NAISS
SUPR
NAISS Projects
SUPR
Cognitive Foundations of Language Modeling
Dnr:

NAISS 2025/6-359

Type:

NAISS Medium Storage

Principal Investigator:

Sharid Loáiciga

Affiliation:

Göteborgs universitet

Start Date:

2025-10-01

End Date:

2026-10-01

Primary Classification:

10208: Natural Language Processing

Secondary Classification:

10210: Artificial Intelligence

Tertiary Classification:

20208: Computer Vision and learning System (Computer Sciences aspects in 10207)

Allocation

Abstract

The goal of this project is to train cognitively inspired language models that better reflect human learning processes.

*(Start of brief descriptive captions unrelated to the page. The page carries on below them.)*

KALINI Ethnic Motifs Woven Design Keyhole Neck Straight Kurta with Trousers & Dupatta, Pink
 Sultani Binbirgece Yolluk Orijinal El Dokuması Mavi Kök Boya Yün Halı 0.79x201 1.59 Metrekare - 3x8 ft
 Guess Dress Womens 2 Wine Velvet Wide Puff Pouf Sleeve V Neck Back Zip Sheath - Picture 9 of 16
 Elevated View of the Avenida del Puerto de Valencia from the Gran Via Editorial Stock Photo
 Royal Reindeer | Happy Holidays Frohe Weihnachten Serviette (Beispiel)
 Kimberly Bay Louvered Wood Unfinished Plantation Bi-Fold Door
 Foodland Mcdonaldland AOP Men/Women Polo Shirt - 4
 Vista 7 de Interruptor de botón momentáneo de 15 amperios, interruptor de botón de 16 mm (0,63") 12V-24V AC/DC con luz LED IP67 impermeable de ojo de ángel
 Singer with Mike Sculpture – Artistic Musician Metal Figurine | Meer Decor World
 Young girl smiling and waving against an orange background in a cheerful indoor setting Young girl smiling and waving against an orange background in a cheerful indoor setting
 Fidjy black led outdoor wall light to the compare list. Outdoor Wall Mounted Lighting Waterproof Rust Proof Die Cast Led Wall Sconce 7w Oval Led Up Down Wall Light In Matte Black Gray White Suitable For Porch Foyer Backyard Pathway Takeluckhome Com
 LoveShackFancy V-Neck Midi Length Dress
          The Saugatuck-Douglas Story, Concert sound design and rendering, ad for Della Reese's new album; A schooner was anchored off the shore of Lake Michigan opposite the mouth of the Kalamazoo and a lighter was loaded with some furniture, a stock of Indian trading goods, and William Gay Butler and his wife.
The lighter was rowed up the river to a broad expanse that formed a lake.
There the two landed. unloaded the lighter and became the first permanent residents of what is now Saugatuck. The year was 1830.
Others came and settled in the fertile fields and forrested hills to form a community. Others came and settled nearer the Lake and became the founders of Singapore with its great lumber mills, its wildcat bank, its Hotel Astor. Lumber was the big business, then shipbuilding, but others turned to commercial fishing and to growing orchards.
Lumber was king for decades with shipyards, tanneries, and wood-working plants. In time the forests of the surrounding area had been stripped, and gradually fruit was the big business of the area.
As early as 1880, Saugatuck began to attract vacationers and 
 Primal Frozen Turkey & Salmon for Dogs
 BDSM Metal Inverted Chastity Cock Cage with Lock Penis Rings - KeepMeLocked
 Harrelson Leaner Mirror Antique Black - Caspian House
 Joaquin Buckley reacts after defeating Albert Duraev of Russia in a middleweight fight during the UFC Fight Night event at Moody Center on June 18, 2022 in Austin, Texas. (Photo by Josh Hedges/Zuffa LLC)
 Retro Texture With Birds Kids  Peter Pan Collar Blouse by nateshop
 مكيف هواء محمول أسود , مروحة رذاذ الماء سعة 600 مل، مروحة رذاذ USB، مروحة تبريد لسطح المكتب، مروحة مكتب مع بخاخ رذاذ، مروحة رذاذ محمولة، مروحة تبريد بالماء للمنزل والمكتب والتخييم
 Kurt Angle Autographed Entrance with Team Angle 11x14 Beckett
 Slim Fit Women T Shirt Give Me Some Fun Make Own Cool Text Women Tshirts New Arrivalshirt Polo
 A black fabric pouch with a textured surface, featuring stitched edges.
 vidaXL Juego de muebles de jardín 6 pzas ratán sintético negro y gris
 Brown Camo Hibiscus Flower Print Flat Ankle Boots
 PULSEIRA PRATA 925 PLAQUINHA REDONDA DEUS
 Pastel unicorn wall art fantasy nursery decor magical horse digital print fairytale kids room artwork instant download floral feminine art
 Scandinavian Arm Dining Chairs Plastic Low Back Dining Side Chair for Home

Unlike current large language models (LLMs), which rely on ever-expanding datasets and energy-hungry architectures, our approach leverages insights from human linguistic behavior to develop more efficient training strategies. We pursue two main directions: (1) pre-training with constrained data budgets (e.g., ~100M tokens, the estimated linguistic exposure of a 13-year-old), and (2) studying the linguistic abilities of multimodal models on diverse tasks such as coherent text generation and grammaticality judgments. This requires extensive architecture search, hyper-parameter optimization, and fine-tuning of pre-trained models. All models, code, and results will be released openly under permissive licenses in line with VR guidelines. Our datasets include Visual Writing Prompts (200 GB), BabyLM (20 GB), and multimodal resources such as MSCOCO, Visual Genome, and VisDial (~700 GB). We rely only on publicly available, non-personal data. We will acknowledge the public infrastructure used for computation in our scientific publications.